Frances Coulson and Graham McPhie of Moon Beever look at this case and ask how this might affect office holders subject to SAR's in future?
How does the Data Protection Act affect insolvency practitioners?
The Data Protection Act 1998 imposes many obligations upon those who collect, store and process data from which an individual can be identified. Not only are their obligations on the security, use and time period for the data but an individual is entitled to details of the data held relating to him or her. Where does this leave an office holder?
What happened in this case?
Southern Pacific went into Voluntary Liquidation after Lehman Bros opted to close it in 2007. Liquidators were appointed. The company continued to receive data subject access requests, (many surrounding mass PPI claims), the cost of processing which was depleting the funds available for distribution. It can be readily understood why the liquidators would want there to be no depletion in the funds in the estate but how is this to be balanced against the interests and rights of the individual regarding any data held?
The liquidators applied to the court for declarations as to their responsibilities under the Data Protection Act 1998 in their role as liquidators for the company. The Companies Court held that the liquidators were not data controllers within the meaning of s 1(1) of the DPA in respect of the data processed by the company prior to its liquidation and, subject to certain qualifications, the liquidators could dispose of all personal data in respect of which the company was the data controller, so long as the disposal was in a manner which complied with the DPA in other words confidential disposal.

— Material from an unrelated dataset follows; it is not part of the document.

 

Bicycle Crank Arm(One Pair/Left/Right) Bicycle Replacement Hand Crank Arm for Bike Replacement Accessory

What was interesting about this case?
Great weight was attached to the fact that the Liquidators are agents of the company and that no company property vested in them. Furthermore the 5th Data Protection Principle states that "Personal data processed for any purpose or purposes shall not be kept for longer than is necessary for that purpose or those purposes.". What was clear was that there was no need for the data to be kept other than for two possibilities. The first was to retain sufficient data to enable it to deal with any access requests made pending destruction and the second was to enable it to deal with any claims that were to be filed as proofs of debt in the liquidation. In considering this David Richards J ordered the liquidators to advertise for claims to be made in the liquidation and for proofs of debt to be filed within a given time period. In the meantime, it would be the case that any access requests would have to be dealt with. This would allow a period for requests before confidential destruction of records. As the 5th principle is non specific about how long is ‘necessary’, in a given case, practitioners may still consider it advisable to seek court direction as to the practicalities.
What should office holders going forward?

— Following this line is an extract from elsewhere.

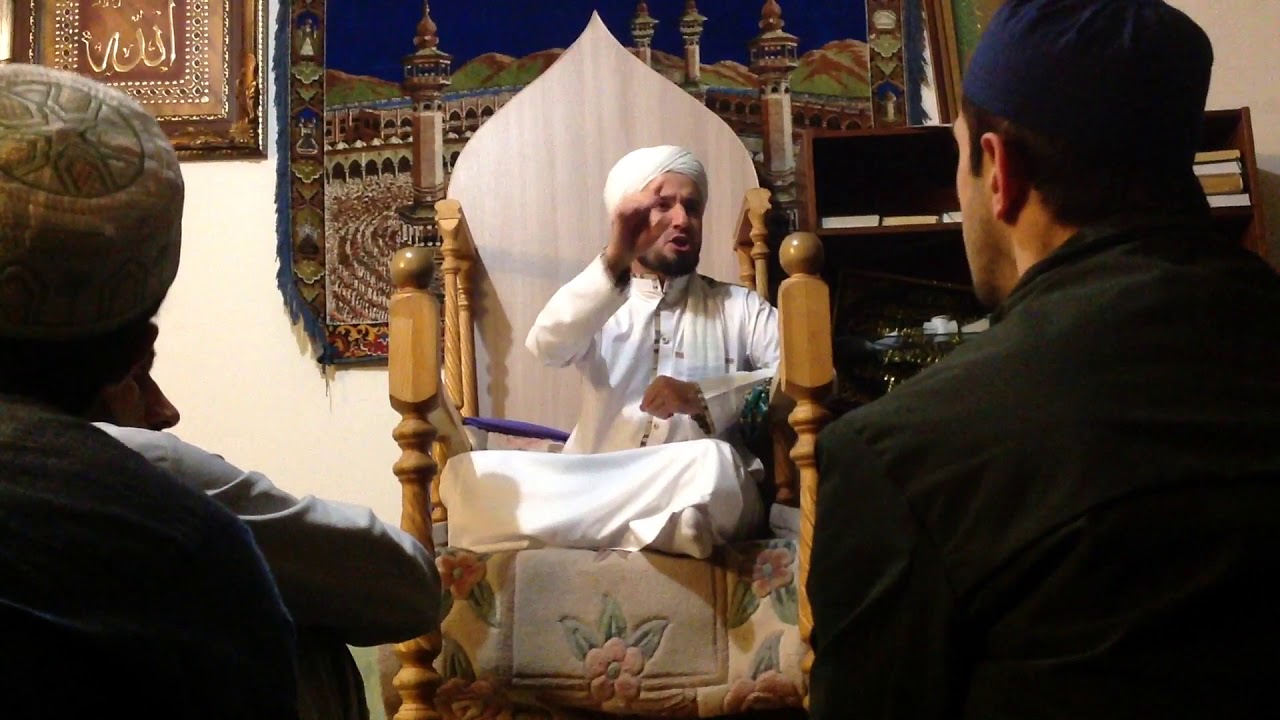 Домулло Абдулкодир боби сабр 2018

Office holders on company appointments who find themselves in possession of personal records in all sorts of businesses can dispose of them and not fall foul of the DPA provided that disposal is dealt with properly and securely. If records do exist the office holder has to consider the justification for retaining data and if it is necessary to do so. Data should not be kept for longer than is necessary. For example because it is too early in investigations to destroy records, or if the insolvent estate were a firm of solicitors trading as an LLP with client files, firstly other duties may dictate retention of the data and if the records exist presumably subjects can still seek access which the company must comply with by its Liquidator agent at the company's expense. Likewise if the data has been processed by the liquidator post liquidation the Liquidator may become a data controller. In some circumstances a practitioner may wish to sell data as an asset in the estate and should in any event look at the ability to do that under the company's DPA license.

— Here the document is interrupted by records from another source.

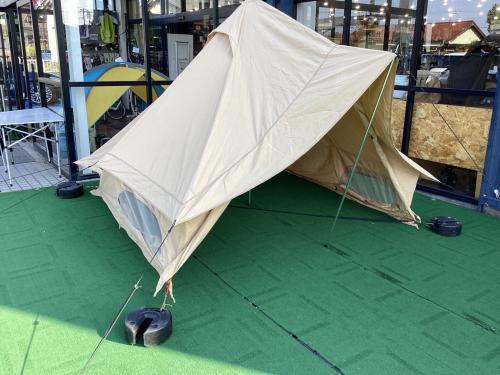 DOD (ディーオーディー) ソロテント T1-757-TN インナーボトムスレ小穴有/タンカラー ショウネンテントTC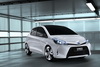 2011 Toyota Yaris HSD concept. Image by Toyota.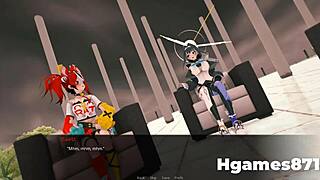 Intriguing Hololewd Manager Part 2: Silent Seduction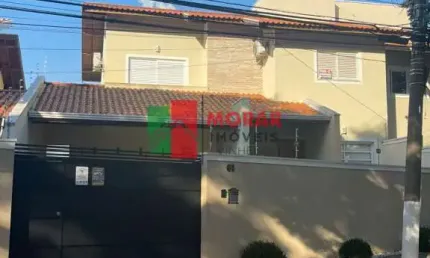 Casa com 3 quartos à venda na Rua Raul Gasparini, 61, Bosque, Vinhedo, 169 m2 por R$ 1.100.000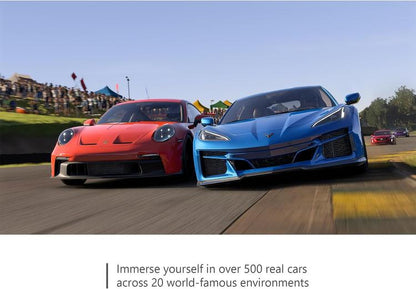 Forza Motorsport Xbox Series X Microsoft Videospiel Neu Deutsch Series X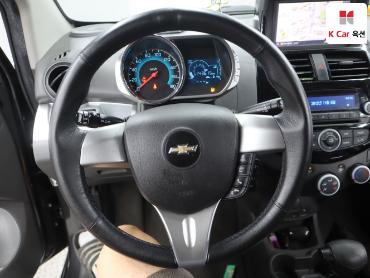 2014 - chevrolet spark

One aspect that needs to be considered is the position of a trustee in bankruptcy. This case gives no guidance in that area as it did not need to do so but the weight attached to the fact that there was no vesting of the estate in the liquidator must be considered. In bankruptcy, of course, the data will have vested in the trustee and so it must follow that the trustee is a data controller. Some comfort can be taken from the fact that the court does give guidance and reinforces the 5th Data Principle of not keeping data for longer than necessary but a trustee would need to consider at the early stages of an appointment as to how the data is his or her possession should be dealt with, how long it should be retained and, depending on the nature of the data and the potential claims in the estate, what would be the appropriate notice period to give for claims before that data is destroyed.